The lyrics on Bring on the Snakes lean heavily toward stories of lives marred by the drag that a substance-heavy lifestyle eventually imposes on its subjects, no matter how much they strive for more. ("Most of my friends in Atlanta are gay coke dealers," Bachmann remarks.) Album opener "The Rotting Strip" documents the disintegration of the lives and relationship of a pair of doomed lovers; the hopefulness of the song's refrain ("...crossed our hearts half hoping/that we could both quit smoking/and kick the booze and blow/and one day go and make something of ourselves") ultimately gives way to the grim gravity of the situation ("So we branded our hearts and we toasted the stars/getting wasted by the light of the moon/You were a two bit tramp and I was a low life lying scam/We were a bad lay coming undone burning for someone to use"). It doesn't get any more cheerful from there, but Bachmann has surely succeeded in reinventing himself once again, through song after song of exceedingly well-documented desperation set to desolate (mostly) acoustic guitar and the aforementioned samples, which add an eerie air to the proceedings.

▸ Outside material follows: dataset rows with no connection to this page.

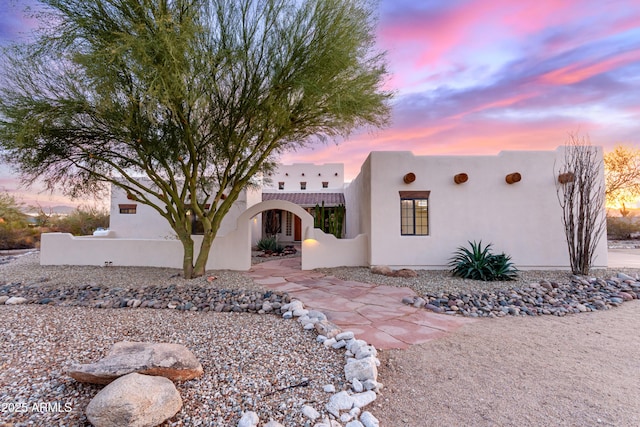 view of adobe home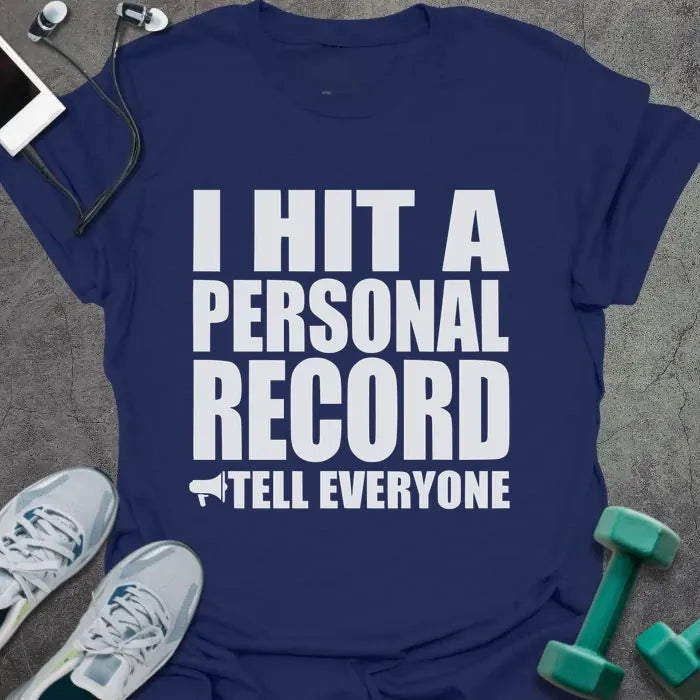 Navy t-shirt printed with "I Hit a Personal Record Tell Everyone" in white, with megaphone graphic
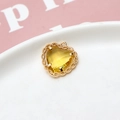 Golden lace heart pendant with a faceted yellow crystal and textured woven border - Yellow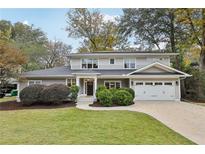 Charming two-story home with a manicured lawn and an attached two-car garage at 2262 Abby Ne Ln, Atlanta, GA 30345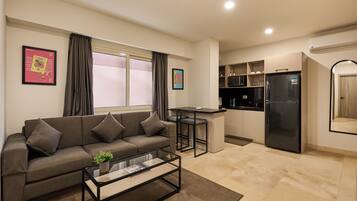 Apartment, 1 Bedroom, Courtyard View | Living area | 55-inch Smart TV with digital channels, Netflix, streaming services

"In a weird way, whether it was Barry Black or Crooked Fingers, I almost wish that I had never been in Archers of Loaf so that people wouldn't have this preconceived idea of what I would be doing," says Bachmann. "That's something that annoys me, but that's the way the world is. I want it to come across as though someone using their ears alone would never be able to tell that it was the same guy who was in this loud punk band or pop band or whatever, or had ever done this artsy-fartsy Barry Black stuff. I always wanted it to be different, just because it's fun to push yourself that way. All you're doing this shit for, all you're writing for, all I'm doing music for is to entertain myself, to get through life. Tomorrow I could look up and say, 'God, I want to be a stripper,' and I'd work like hell to do that."